I am attempting to build a model to predict whether a product will get sold on an ecommerce website with 1 or 0 being the output.
My data is a handful of categorical variables, one with a large amount of levels, a couple binary, and one continuous (the price), with an output variable of 1 or 0, whether or not the product listing got sold.
This is my code:
inTrainingset<-createDataPartition(C$Sale, p=.75, list=FALSE)
CTrain<-C[inTrainingset,]
CTest<-C[-inTrainingset,]
gbmfit<-gbm(Sale~., data=C,distribution="bernoulli",n.trees=5,interaction.depth=7,shrinkage=      .01,)
plot(gbmfit)
gbmTune<-train(Sale~.,data=CTrain, method="gbm")
ctrl<-trainControl(method="repeatedcv",repeats=5)
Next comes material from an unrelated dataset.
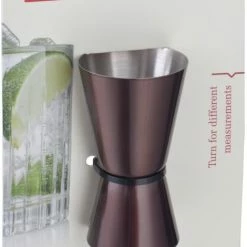 Vacu Vin Double Jigger, Steel -Coffee Grinders Store vacu vin double jigger 1302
gbmTune<-train(Sale~.,data=CTrain, 
           method="gbm", 
           verbose=FALSE, 
           trControl=ctrl)
ctrl<-trainControl(method="repeatedcv", repeats=5, classProbs=TRUE, summaryFunction =    twoClassSummary)
gbmTune<-trainControl(Sale~., data=CTrain, 
                  method="gbm", 
                  metric="ROC", 
                  verbose=FALSE , 
                  trControl=ctrl)
  grid<-expand.grid(.interaction.depth=seq(1,7, by=2), .n.trees=seq(100,300, by=50),  .shrinkage=c(.01,.1))
  gbmTune<-train(Sale~., data=CTrain, 
           method="gbm", 
           metric="ROC", 
           tunegrid= grid, 
           verebose=FALSE,
           trControl=ctrl)
  set.seed(1)
  gbmTune <- train(Sale~., data = CTrain,
               method = "gbm",
               metric = "ROC",
               tuneGrid = grid,
               verbose = FALSE,
               trControl = ctrl)
I am running into two issues. The first is when I attempt add the summaryFunction=twoClasssummary, and then tune I get this:
Error in trainControl(Sale ~ ., data = CTrain, method = "gbm", metric = "ROC",  : 
  unused arguments (data = CTrain, metric = "ROC", trControl = ctrl)
The second problem if I decide bypass the summaryFunction, is when I try and run the model I get this error:
Error in evalSummaryFunction(y, wts = weights, ctrl = trControl, lev = classLevels,  : 
  train()'s use of ROC codes requires class probabilities. See the classProbs option of trainControl()
In addition: Warning message:
In train.default(x, y, weights = w, ...) :
  cannnot compute class probabilities for regression
I tried changing the output variable from a numeric value of 1 or 0, to just a text value, in excel, but that didn't make a difference.
Any help would be greatly appreciated on how to fix the fact that it's interpreting this model as a regression, or the first error message I am encountering.
Best,
Will will@nubimetrics.com